Ägyptens Opposition zum Referendum: „Sagt Nein!“
Kairo (dpa) - Die Gegner der ägyptischen Islamisten wollen sich nun doch an der Volksabstimmung über die neue Verfassung beteiligen. Das Oppositionsbündnis der linken und liberalen Parteien rief seine Anhänger am Mittwoch auf, gegen den Verfassungsentwurf zu stimmen.
Der islamistische Präsident Mohammed Mursi ordnete wegen eines Richterprotests an, dass die Abstimmung in zwei Etappen an diesem und am folgenden Samstag stattfinden soll.
Der Entwurf war von einer Kommission erarbeitet worden, in der die Muslimbrüder und die radikalislamischen Salafisten die Mehrheit hatten. Er wird von allen liberalen und linken Parteien sowie von einigen gemäßigten Islamisten und der koptischen Kirche abgelehnt.
Für die im Ausland lebenden Ägypter begann die Abstimmung bereits am Mittwoch.
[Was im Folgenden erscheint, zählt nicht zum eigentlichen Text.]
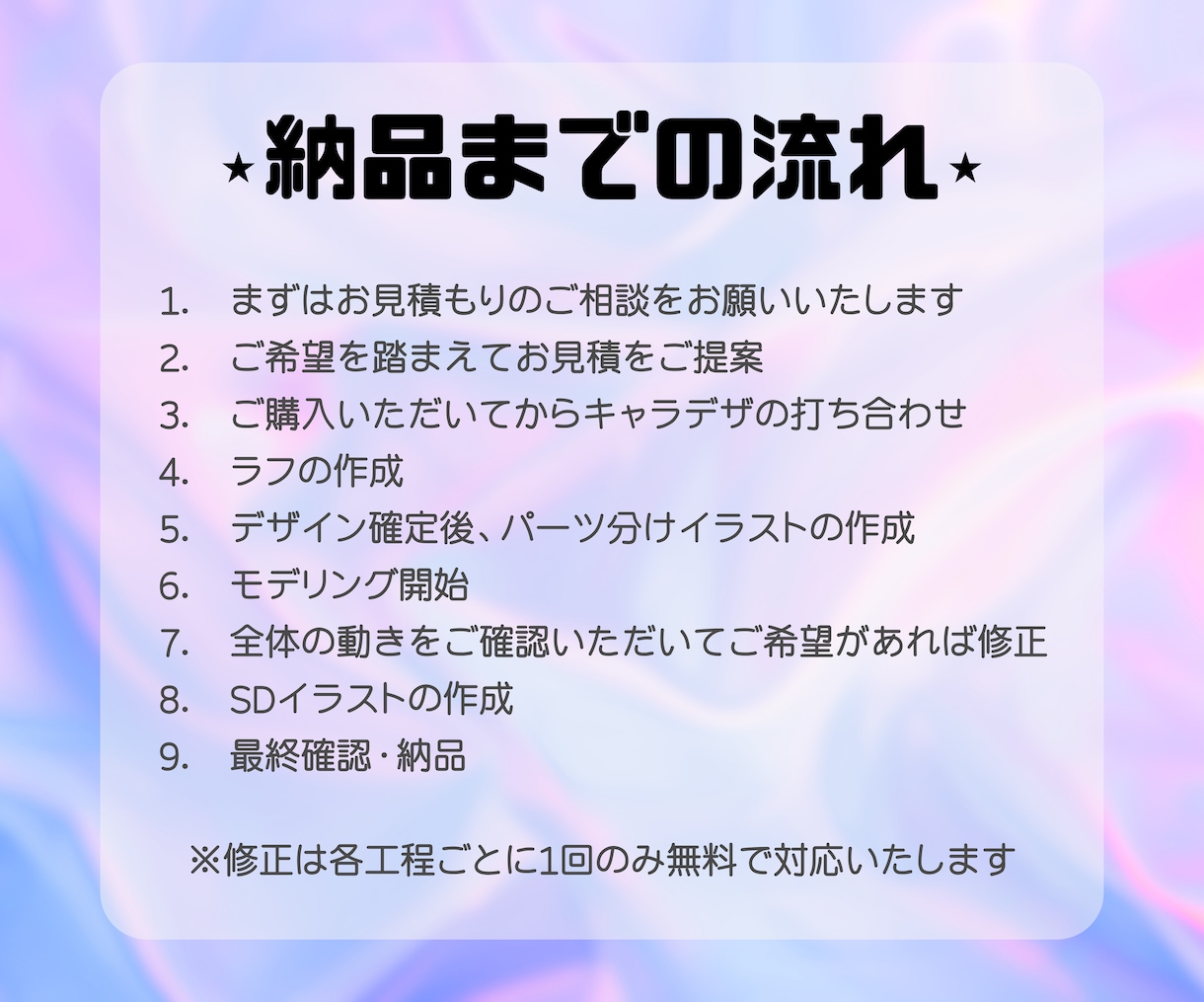 Vtuberモデル作ります モニターキャンペーン終了にともない準備中です！ イメージ4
Das Außenministerium in Kairo berichtete, den größte Andrang von Wählern habe es in den diplomatischen Vertretungen in Kuwait und Saudi-Arabien gegeben.
Das Oppositionsbündnis, dem auch Friedensnobelpreisträger Mohammed ElBaradei angehört, hatte in den vergangenen Tagen heftig darüber diskutiert, ob es besser sei, mit „Nein“ zu stimmen oder den Urnengang zu boykottieren. Nachdem Mursi trotz einer Welle von Protestaktionen eine Verschiebung des Referendums um zwei Monate abgelehnt hatte, setzte sich nun aber die Ansicht durch, dass es doch besser sei, an der Abstimmung teilzunehmen. Die Jugend-Revolutionsbewegung 6. April veröffentlichte am Mittwoch ein Lied mit dem Titel „Sag Nein zur Verfassung“.
Ein Großteil der Richter weigert sich aus Protest gegen Mursis Machtpolitik, das Referendum zu überwachen. Deshalb sollen nun auch Staatsanwälte als Wahlleiter herangezogen werden. Außerdem ordnete Mursi am Mittwoch an, dass die Abstimmung in zwei Etappen stattfinden soll. In Kairo und neun weiteren Provinzen wird am kommenden Samstag abgestimmt, in den anderen Provinzen erst eine Woche später.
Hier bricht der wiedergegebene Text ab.